There are some wonderful independent boutiques to be discovered in Edinburgh, however, stocking luxurious local and international brands. To make a shopping trail of it, start on Thistle Street, at the corner of Hanover Street. As you walk down this narrow cobbled street, clothing boutiques line the windows to your right and left: Kakao by K (high quality Scandinavian fashion); Jane Davidson (ageless designer pieces – Diane von Furstenberg, Missoni, Jenny Packham, Goat); Pam Jenkins (designer accessories, including Christian Louboutin, Jimmy Choo, Gianvito Rossi). There’s also 21st Century Kilts, the coolest kiltmaker in business, running up custom and ready-to-wear kilts for men and women.
Continue down the lane past Alchemia, Scottish gold and silversmiths producing beautifully unique jewellery, across Charlotte Square to the ‘West End Village’. This little rectangle of streets lies between Manor Place and Queensferry Street, Melville Street and Shandwick Place, and is a beautifully hidden away Georgian treat.

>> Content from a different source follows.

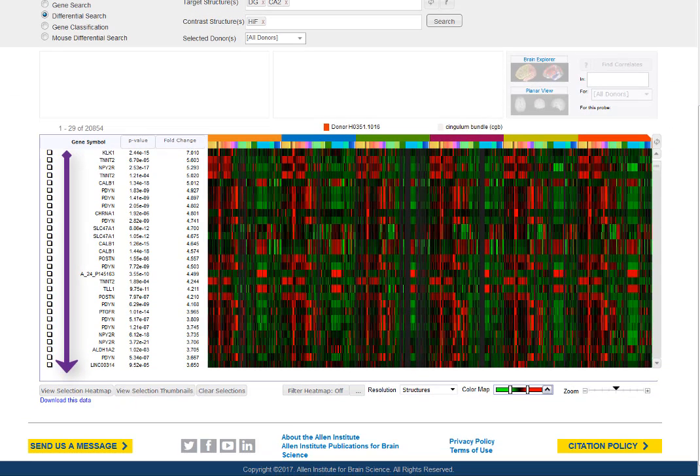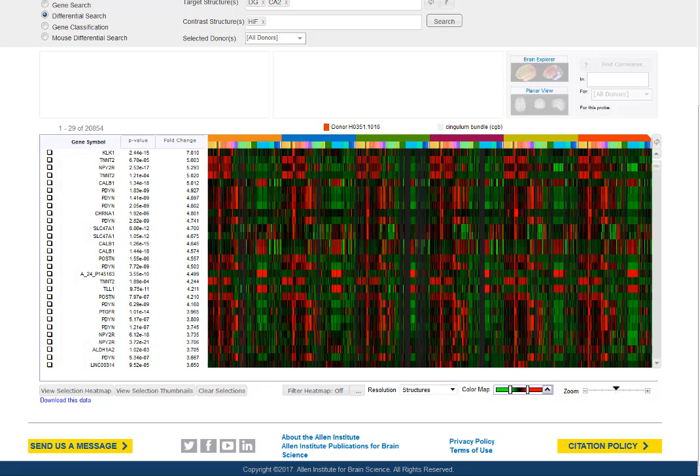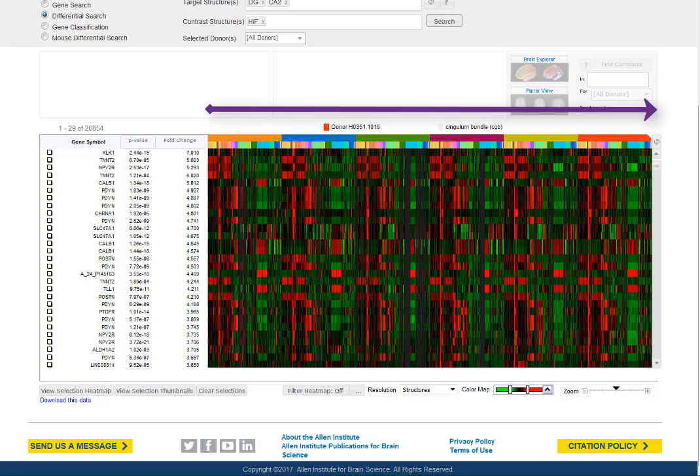The vertical axis displays the gene or the probe information, and the horizontal axis has two column headers, both color-coded. The top row indicates the donor, six in this heat map.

William Street is the backbone, and boutique shops lie all the way along it. Sam Brown stocks reasonably priced, covetably wearable brands from the funky to the girlie, Arkangel & Felon has edgier brands including Beyond Skin shoes and Emma Cook prints, and Frontiers caters for feminine quirkiness with dreamy Orla Kiely silks and colourful knits. Don’t stop at Walker Street, or you’ll miss Odyssey’s excellent range of hard-to-find swimwear and lingerie brands. Then just down and to the right is Liggy’s Cakes, one of the prettiest bakeries in Edinburgh, where you can refresh yourself after all that shopping.

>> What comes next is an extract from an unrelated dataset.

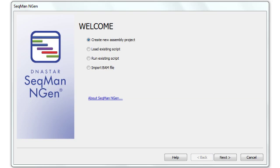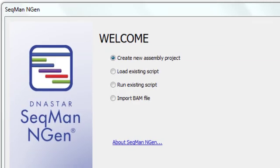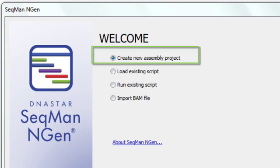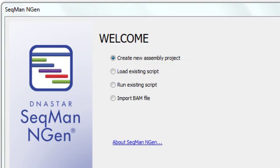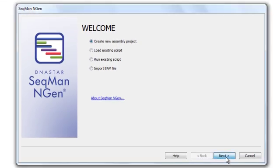These amplicons were generated using the Fluidigm EGFR gene panel and Fluidigm's access array, and then sequenced using the PacBio RS system. So to set up my assembly in SeqMan Engine, I select Create New Assembly Project, and then click Next.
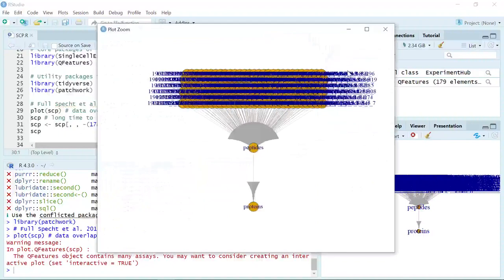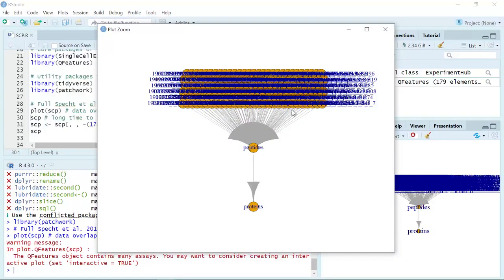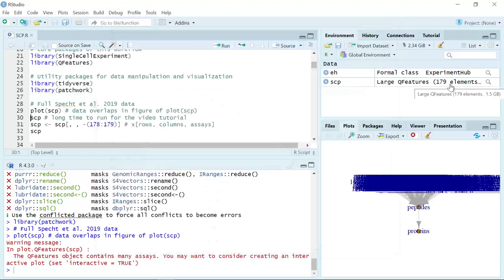From the data window we already know there are 179 single-cell experiment data in this data set. Because we have so many single-cell experiments inside the data set, it is very hard to see the individual data sets. For the full data set, they aggregate the PSM data into peptide, then aggregate the peptide data into protein data. So we have 179 single-cell experiment data here.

If you’ve time and money left, Bruntsfield and Morningside also boast some lovely boutiques, and are particularly good for children’s shops.
Vintage Clothes Shops
Edinburgh has a great range of vintage emporiums. The best known are the three Armstrongs branches: at Teviot Place (called Rusty Zip), Clerk Street and down in the Grassmarket. They’re particularly good for uniforms and vintage cashmere, and very reasonably priced. Trouvé on Newington Road sells ‘retro and modern reloved’ clothes and accessories – the owner doesn’t base her prices on the label, so some joyful designer bargains are possible. Elaine’s Vintage Clothing in Stockbridge sells a beautiful mix of clothes from the 1920s to the 80s, for a wide range of prices. Godiva in the Grassmarket has some more serious price tags, but sells a great selection of quality vintage clothing, mixed in with independent, often local, designers and a made-to-measure service to boot.
Food and drink
Edinburgh has joined the food revolution in the last decade, and the time-worn stereotypes of Scottish cooking can be roundly ignored. From market stalls to fine dining food halls, the city displays real pride in its local, artisanal, seasonal produce.

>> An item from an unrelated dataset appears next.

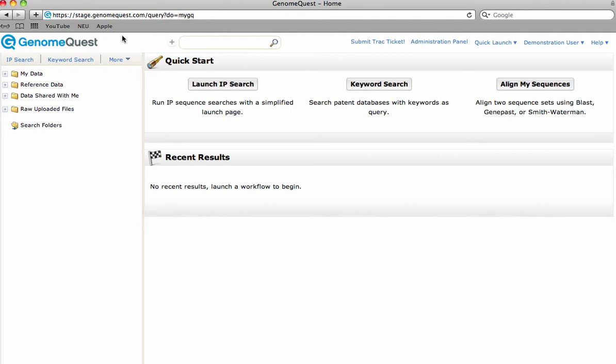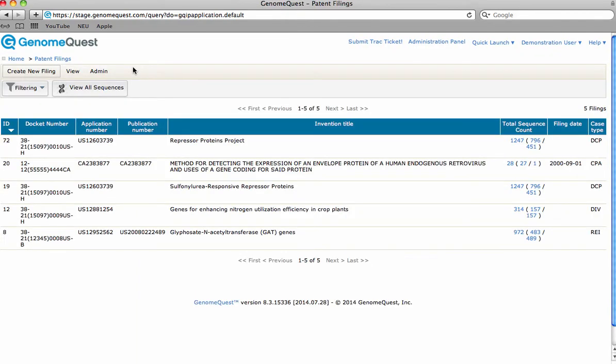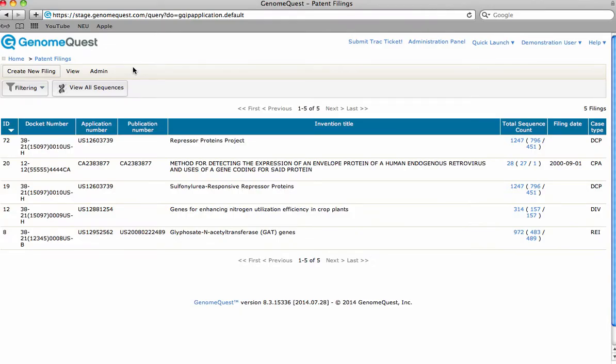Let's check out the system and major features. First, access our patent filings to view your projects. With the same familiar GenomeQuest view, you have the ability to search your IP sequences internally against corporate data and against GQPAT. To customize navigation, define columns through the View button, just like in GenomeQuest.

When wandering through the city, look out for branches of Peckham’s, a Scottish family deli; of I. J. Mellis’s spectacular cheese shops, found in Victoria Street, Baker’s Place and Morningside Road; and for Valvona & Crolla, Scotland’s award-winning and oldest deli and Italian wine merchant. The original is on Elm Row, with an outpost café/restaurant/deli on Multrees Walk.
Other top spots are George Armstrong, Edinburgh’s friendliest fishmonger on Raeburn Place; Demi John ‘liquid deli’ on Victoria Street; WoodWinters wines and whiskies on Newington Road and Cadenhead’s on Canongate, one of the oldest shops you’ll ever step into. Here you’ll be met by more whisky knowledge than you’re ever likely to need, and a cheerful hand with the tasters.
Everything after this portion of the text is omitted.